[Excerpts from a dataset]
★ ★ ★

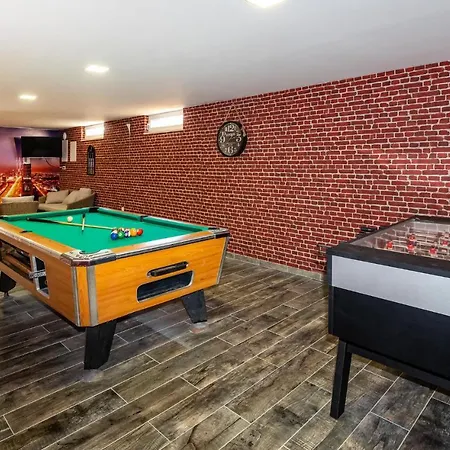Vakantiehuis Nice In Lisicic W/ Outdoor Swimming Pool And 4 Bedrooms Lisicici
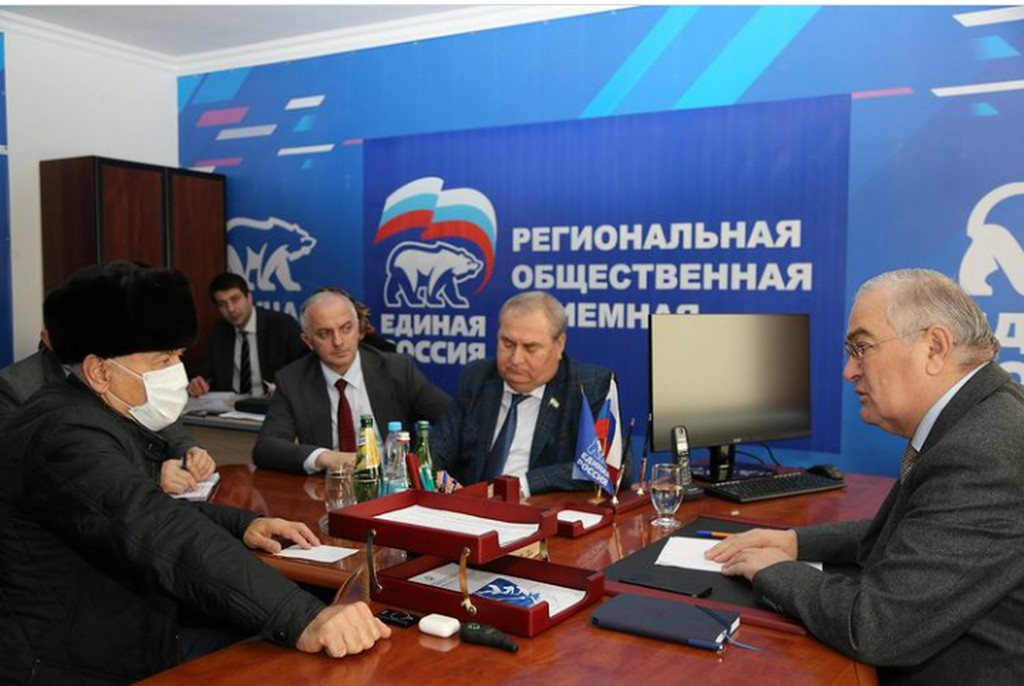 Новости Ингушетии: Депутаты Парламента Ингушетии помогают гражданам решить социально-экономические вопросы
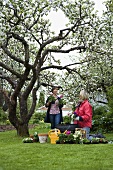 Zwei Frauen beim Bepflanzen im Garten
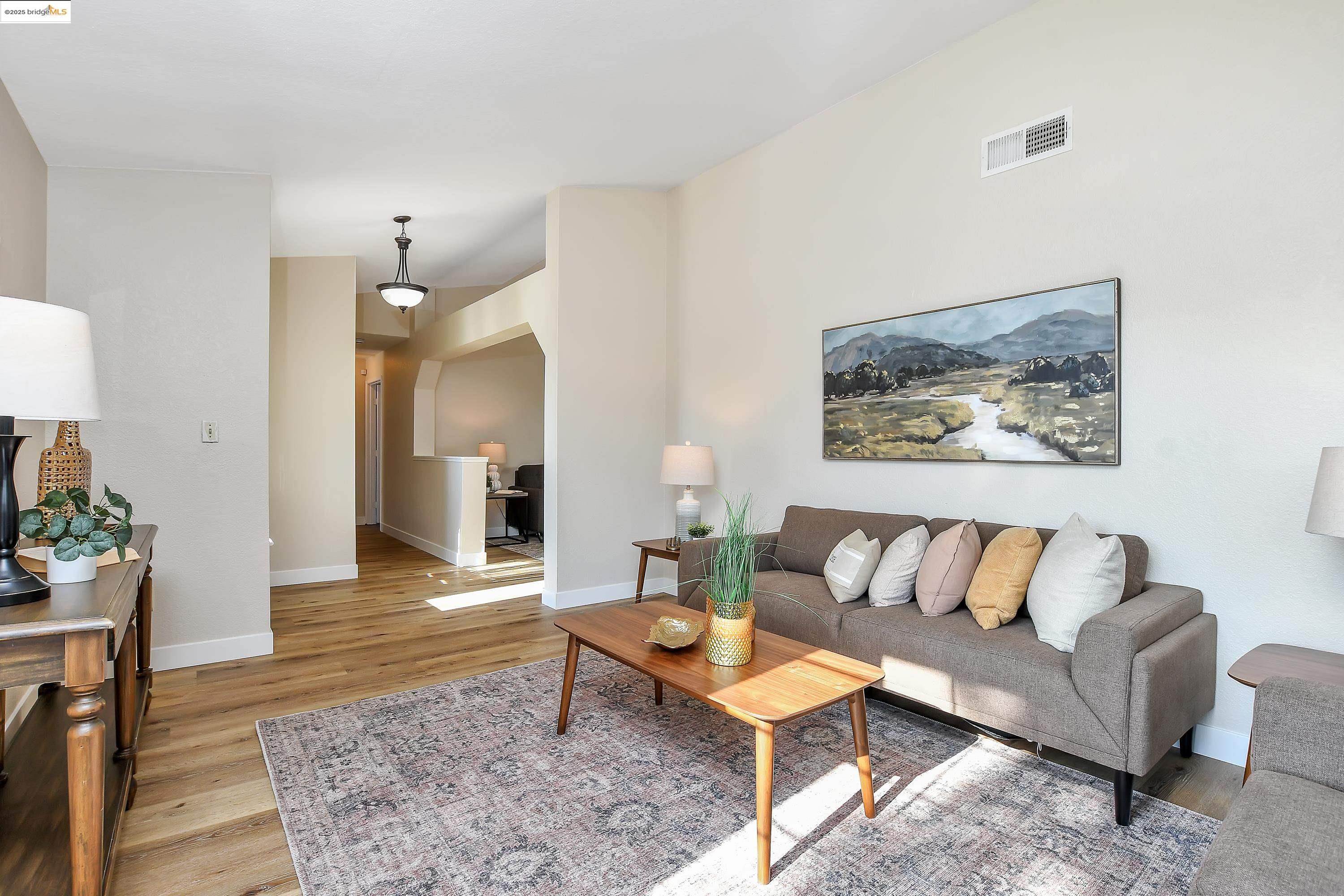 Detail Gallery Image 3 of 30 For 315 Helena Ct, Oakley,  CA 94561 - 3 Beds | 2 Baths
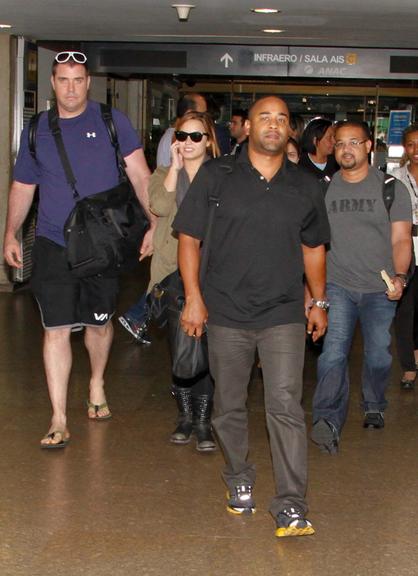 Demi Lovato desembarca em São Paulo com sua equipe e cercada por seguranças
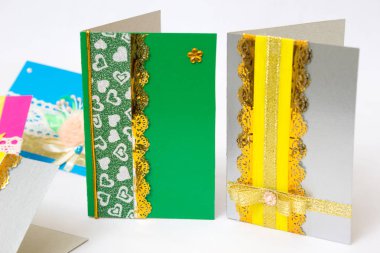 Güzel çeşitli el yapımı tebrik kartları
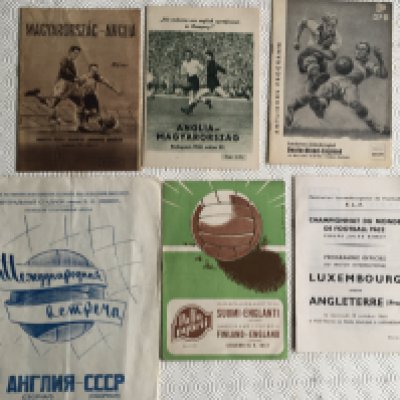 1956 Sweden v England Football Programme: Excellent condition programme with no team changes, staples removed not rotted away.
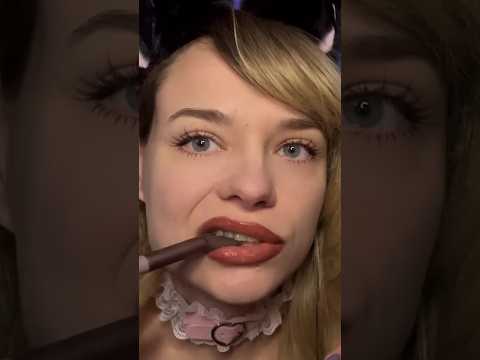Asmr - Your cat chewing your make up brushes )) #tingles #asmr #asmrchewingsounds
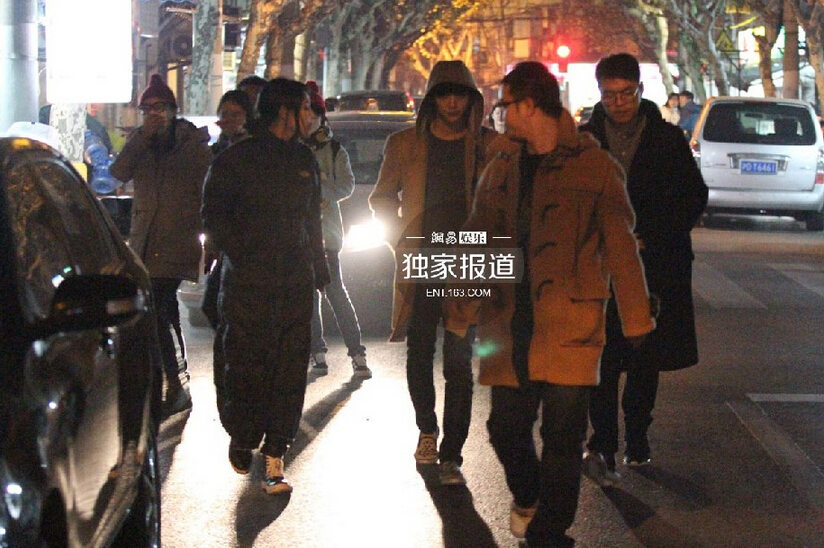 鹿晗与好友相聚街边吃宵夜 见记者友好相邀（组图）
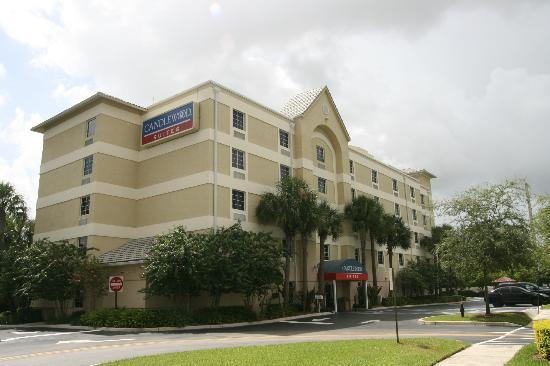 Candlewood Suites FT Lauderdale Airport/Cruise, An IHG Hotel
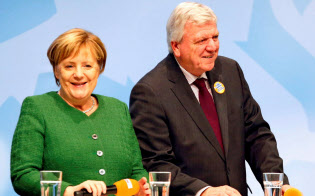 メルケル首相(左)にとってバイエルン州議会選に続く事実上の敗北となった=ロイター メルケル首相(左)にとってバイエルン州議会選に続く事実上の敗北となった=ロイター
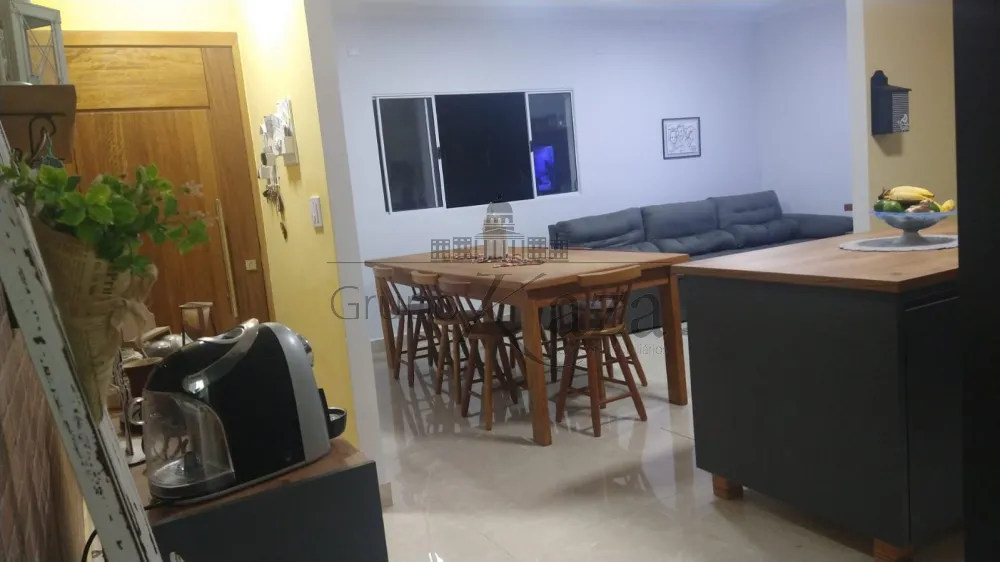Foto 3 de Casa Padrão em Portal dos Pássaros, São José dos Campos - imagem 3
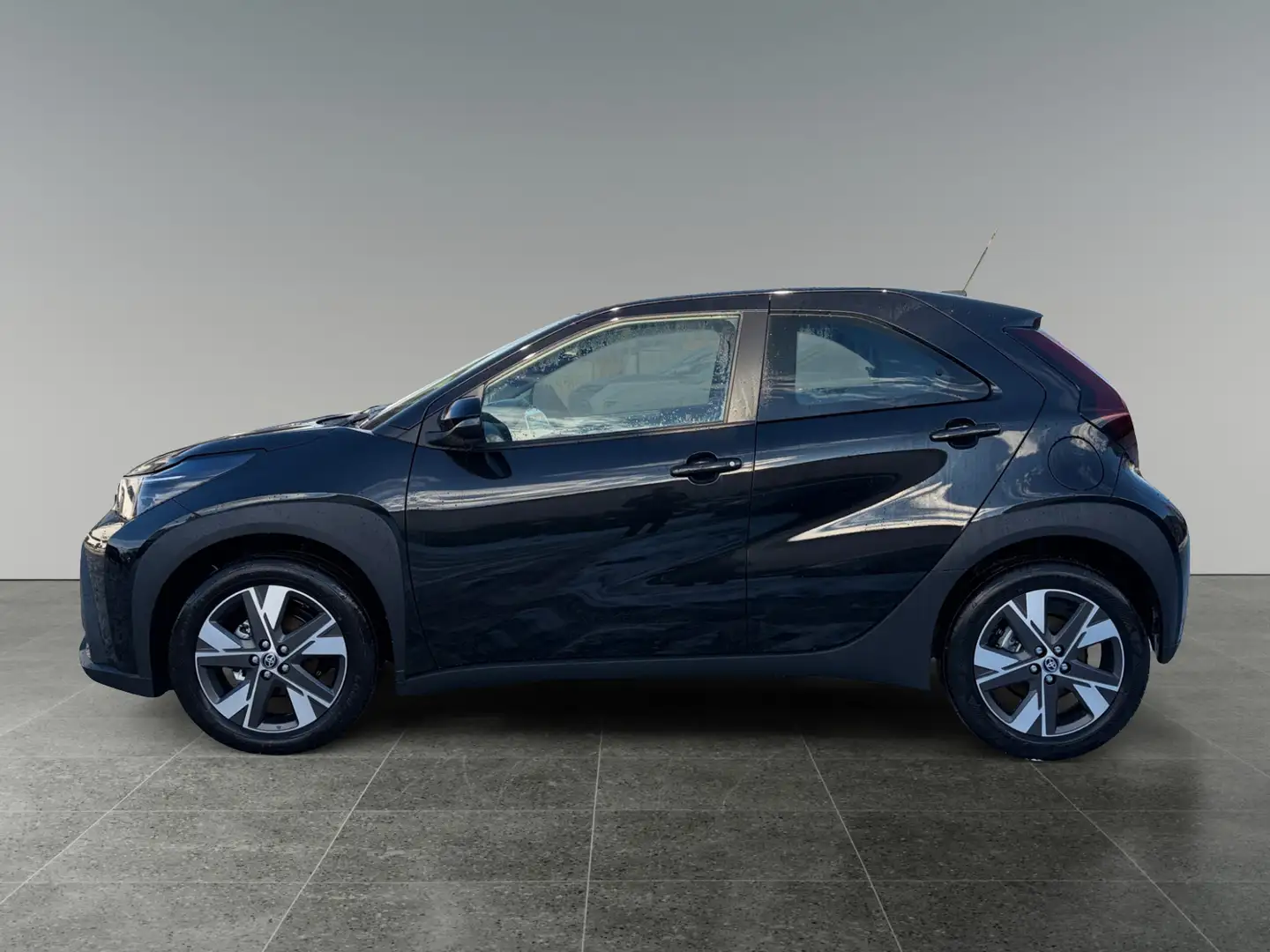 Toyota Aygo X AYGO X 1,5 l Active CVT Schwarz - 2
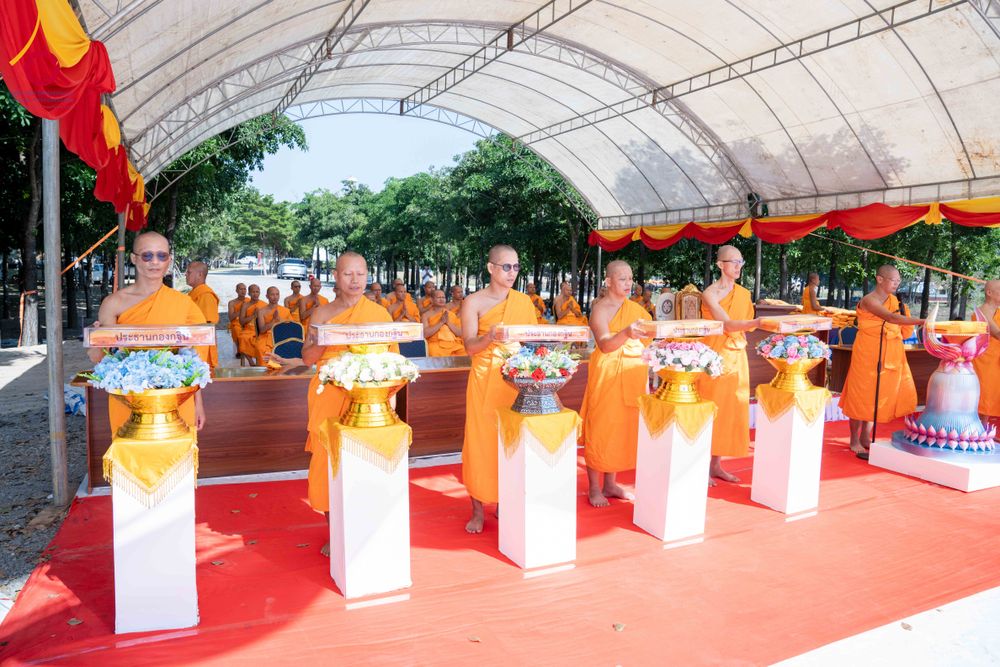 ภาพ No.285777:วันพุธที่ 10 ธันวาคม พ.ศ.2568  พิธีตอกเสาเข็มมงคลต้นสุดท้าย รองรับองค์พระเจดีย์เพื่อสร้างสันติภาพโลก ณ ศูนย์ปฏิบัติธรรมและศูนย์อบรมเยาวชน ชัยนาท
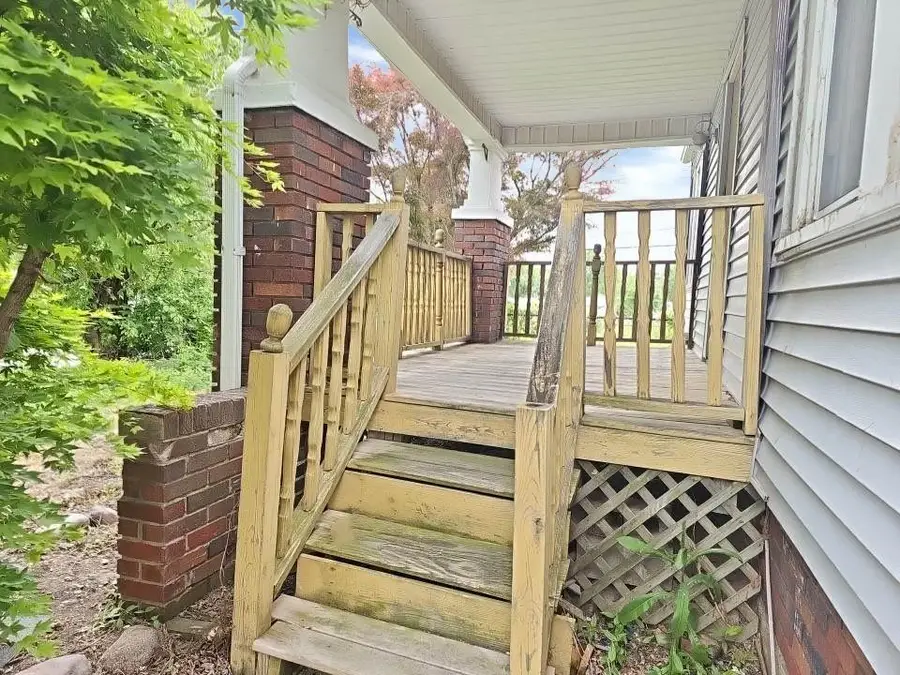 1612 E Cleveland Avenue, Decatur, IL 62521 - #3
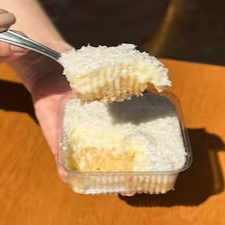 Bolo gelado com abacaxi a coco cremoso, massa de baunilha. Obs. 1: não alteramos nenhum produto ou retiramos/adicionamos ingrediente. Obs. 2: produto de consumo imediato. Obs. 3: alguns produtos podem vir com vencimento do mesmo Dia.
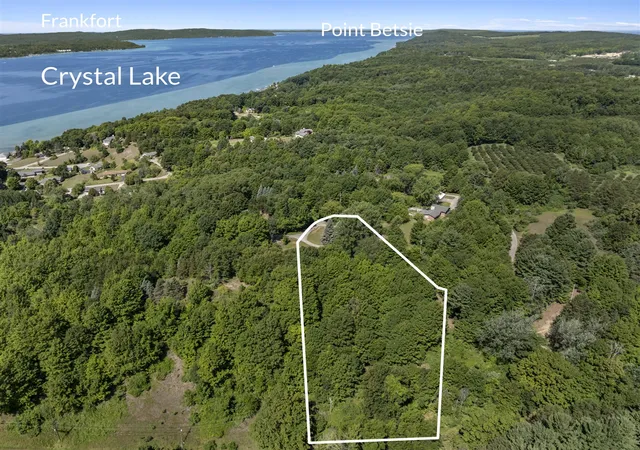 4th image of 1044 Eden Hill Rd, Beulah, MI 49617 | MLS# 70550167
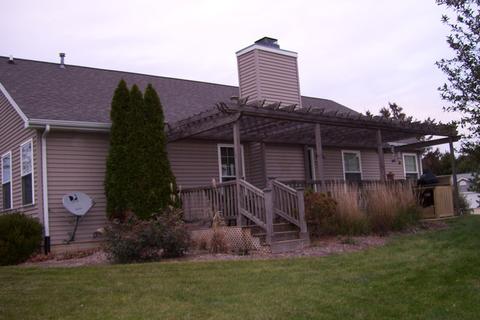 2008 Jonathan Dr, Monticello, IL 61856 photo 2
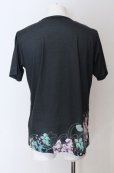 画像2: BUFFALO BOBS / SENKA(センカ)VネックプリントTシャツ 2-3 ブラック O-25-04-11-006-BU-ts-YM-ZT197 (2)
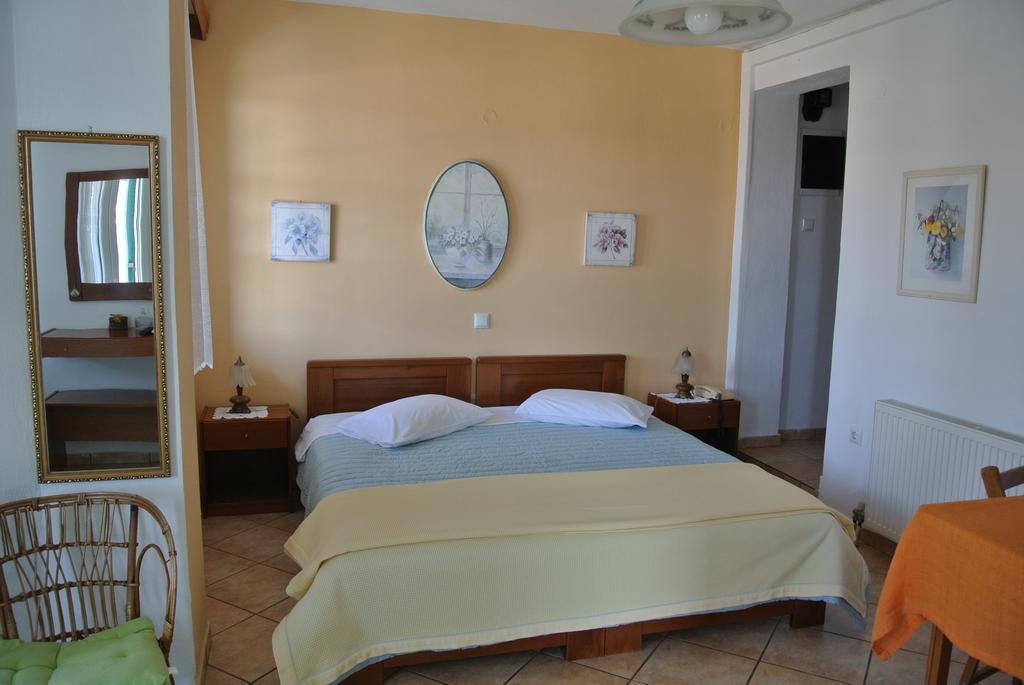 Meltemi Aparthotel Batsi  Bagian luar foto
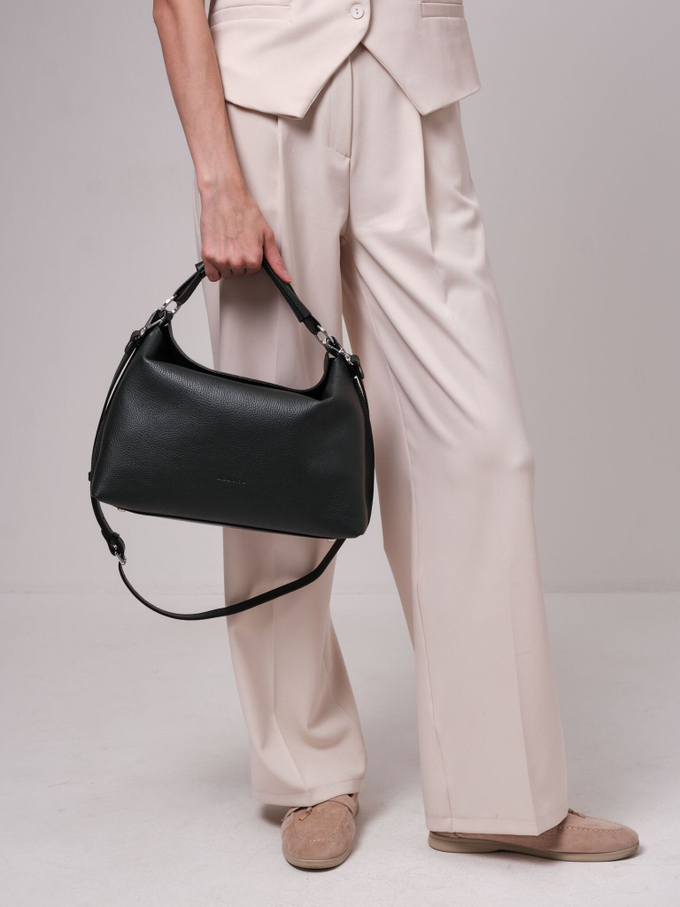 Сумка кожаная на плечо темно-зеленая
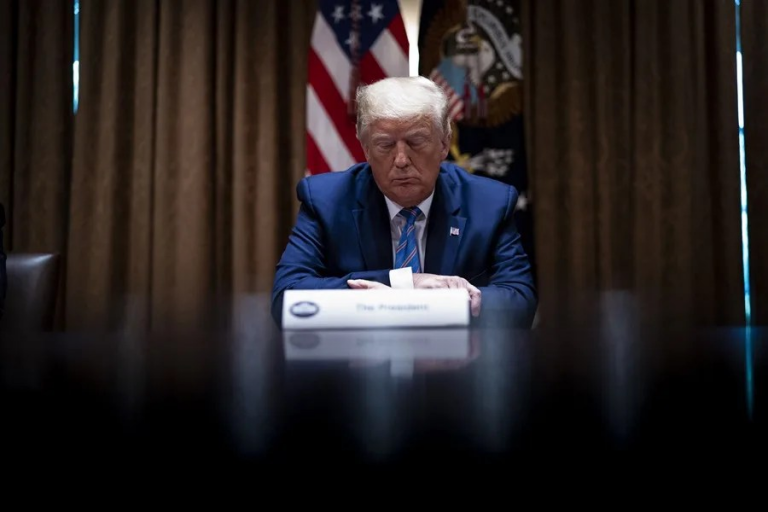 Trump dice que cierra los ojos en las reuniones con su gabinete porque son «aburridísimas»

★ ★ ★

■ **WHAT IS REQUIRED**: Write out exactly, please, the lines that start at the one containing "Toyota Aygo X" and run through the final line of the entries, both included, leaving pictures out.

■ **TASK RESPONSE**:
 Toyota Aygo X AYGO X 1,5 l Active CVT Schwarz - 2
 ภาพ No.285777:วันพุธที่ 10 ธันวาคม พ.ศ.2568  พิธีตอกเสาเข็มมงคลต้นสุดท้าย รองรับองค์พระเจดีย์เพื่อสร้างสันติภาพโลก ณ ศูนย์ปฏิบัติธรรมและศูนย์อบรมเยาวชน ชัยนาท
 1612 E Cleveland Avenue, Decatur, IL 62521 - #3
 Bolo gelado com abacaxi a coco cremoso, massa de baunilha. Obs. 1: não alteramos nenhum produto ou retiramos/adicionamos ingrediente. Obs. 2: produto de consumo imediato. Obs. 3: alguns produtos podem vir com vencimento do mesmo Dia.
 4th image of 1044 Eden Hill Rd, Beulah, MI 49617 | MLS# 70550167
 2008 Jonathan Dr, Monticello, IL 61856 photo 2
 画像2: BUFFALO BOBS / SENKA(センカ)VネックプリントTシャツ 2-3 ブラック O-25-04-11-006-BU-ts-YM-ZT197 (2)
 Meltemi Aparthotel Batsi  Bagian luar foto
 Сумка кожаная на плечо темно-зеленая
 Trump dice que cierra los ojos en las reuniones con su gabinete porque son «aburridísimas»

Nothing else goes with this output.